→ **What is needed**
In the entries below, copy only the lines from the one that contains "Australian spotted jellyfish" through the last line, exactly, and omit any pictures.

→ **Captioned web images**
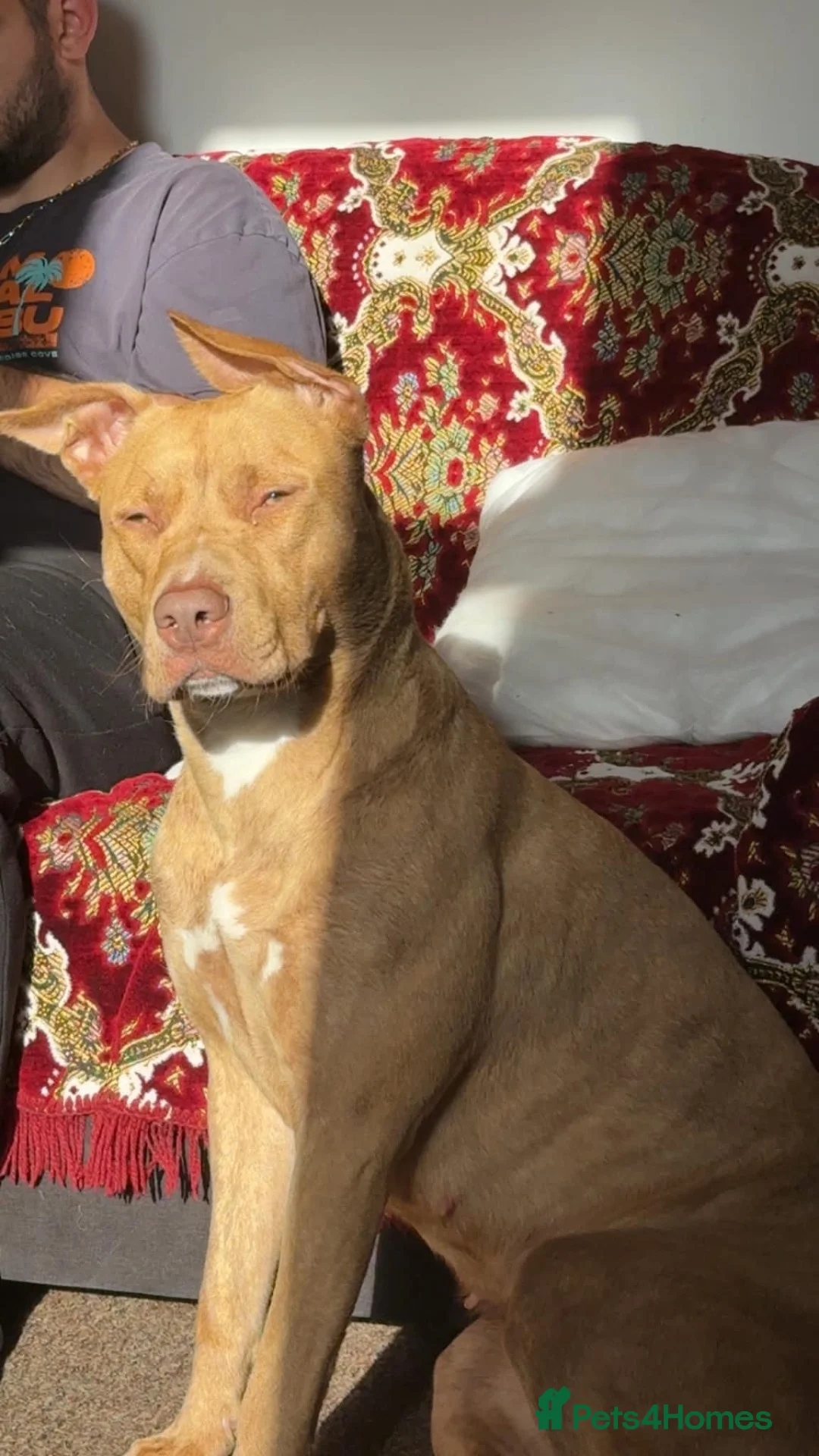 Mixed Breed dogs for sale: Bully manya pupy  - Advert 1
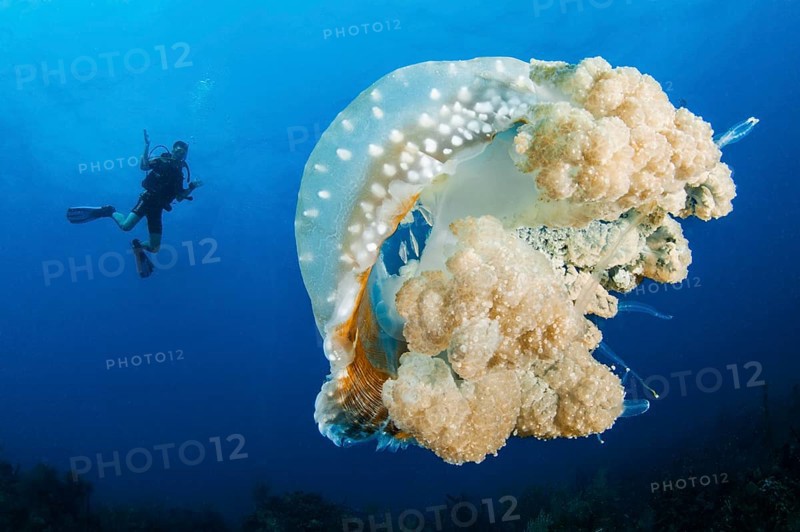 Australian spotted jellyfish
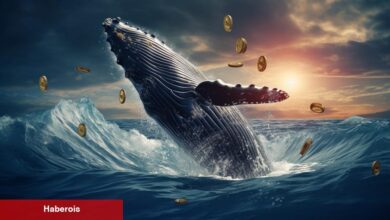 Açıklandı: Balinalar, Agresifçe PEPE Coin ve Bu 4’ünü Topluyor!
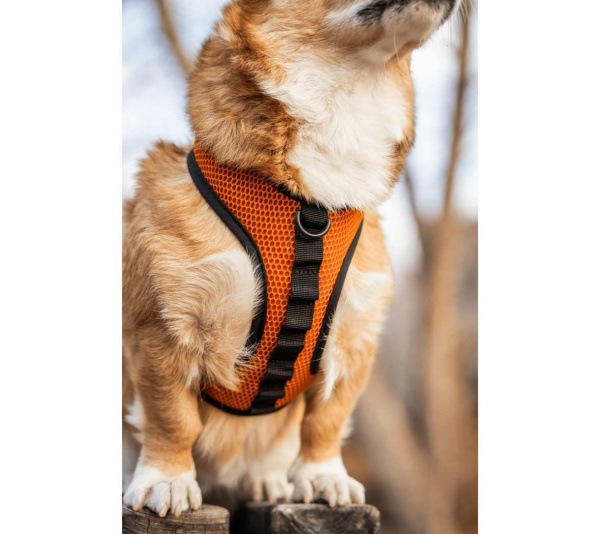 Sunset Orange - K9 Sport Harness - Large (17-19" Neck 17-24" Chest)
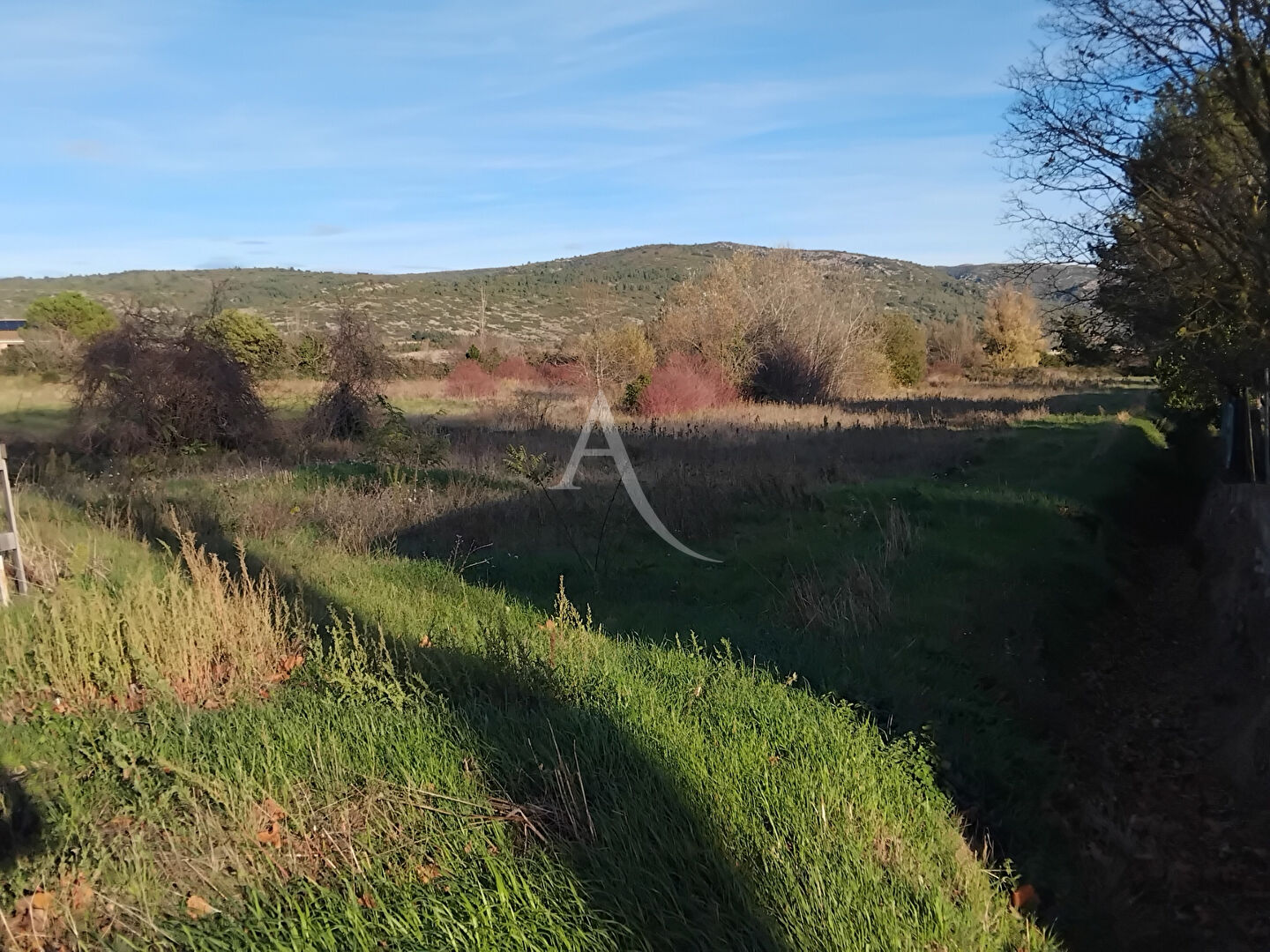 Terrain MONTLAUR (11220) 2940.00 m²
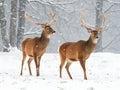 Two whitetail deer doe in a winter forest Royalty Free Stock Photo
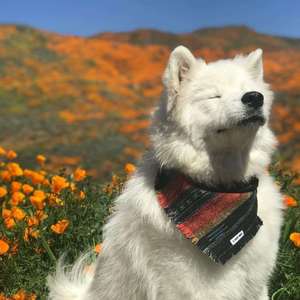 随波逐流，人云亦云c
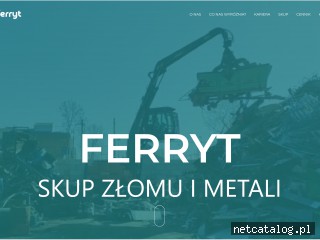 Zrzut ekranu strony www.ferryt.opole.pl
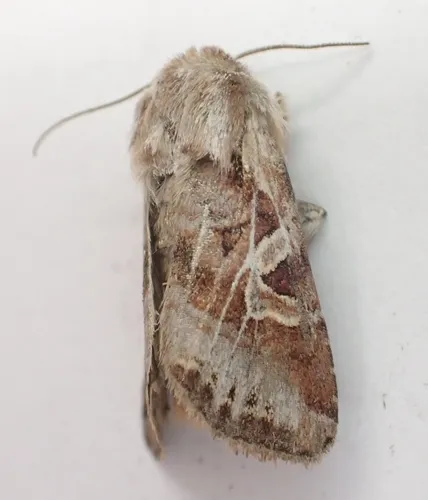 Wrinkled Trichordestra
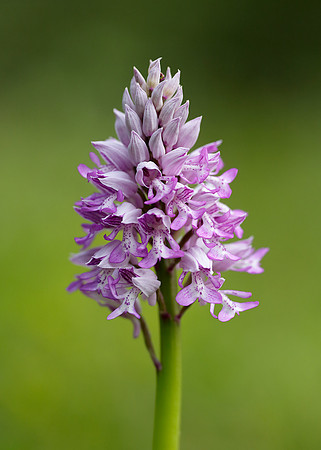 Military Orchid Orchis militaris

→ **Written response**
 Australian spotted jellyfish
 Açıklandı: Balinalar, Agresifçe PEPE Coin ve Bu 4’ünü Topluyor!
 Sunset Orange - K9 Sport Harness - Large (17-19" Neck 17-24" Chest)
 Terrain MONTLAUR (11220) 2940.00 m²
 Two whitetail deer doe in a winter forest Royalty Free Stock Photo
 随波逐流，人云亦云c
 Zrzut ekranu strony www.ferryt.opole.pl
 Wrinkled Trichordestra
 Military Orchid Orchis militaris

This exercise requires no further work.